Keeping a large amount of data and conducting regular and agile queries on them calls for a system specialised for just this: the proper handling of massive information. Thence we need a dbms (database management system) to refer to just about any collection of related data, which also have the following properties:

definition: specifying data types (and other constraints to which the data must conform) and data organization
construction: the process of storing the data on some medium (e.g., magnetic disk) that is controlled by the DBMS
manipulation: querying, updating and report generation
sharing: allowing multiple users and programs to access the database "simultaneously"
system protection: preventing database from becoming corrupted when hardware or software failures occur
security protection: guarding db against malicious or unathorised access.


The first step in designinig a database is to understand the business context and all the relevant interactions and transactions that take place within the business environment. This set of interactions and dynamics pertinent to the business reality can be thought of as the mini-world, a scaled-down version of a business setting that serves as the main framework for the design of a database.

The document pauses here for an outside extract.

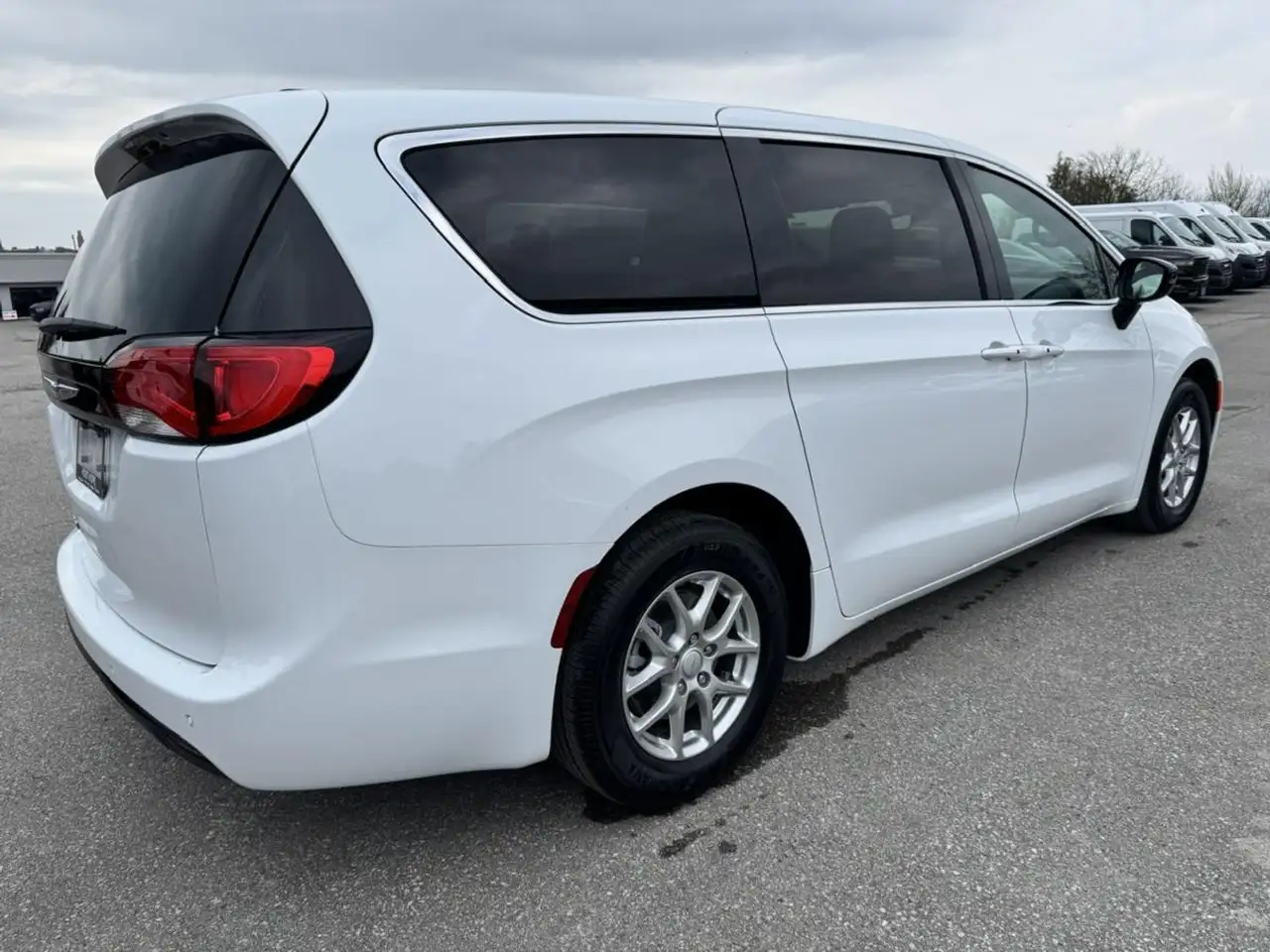 Chrysler Grand Caravan photo Chrysler Grand Caravan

A mini-world can be thought of as the model of a data base. A miniworld is a portion of the real world that can be represented in a database domain as the setting of a business activity. Examples of mini-world include a medical office, a retail business, an accounting firm etc. When we need to retrieve information from a mini-world, we handle information in a database modelled after it. When you go to a medical appointment, the receptionist will look up your name or id number in this model, a database with information of all patients. If the model keeps loyal to its miniworld, it should confirm the appointment. By the same token, we can also query the data to find information that is relevant to the business, like finding out the most frequent transactions, highest-demand products, most punctual payers etc. A miniworld can be comprised of a whole business or parts thereof (e.g.: a single department or a branch of a large corporation).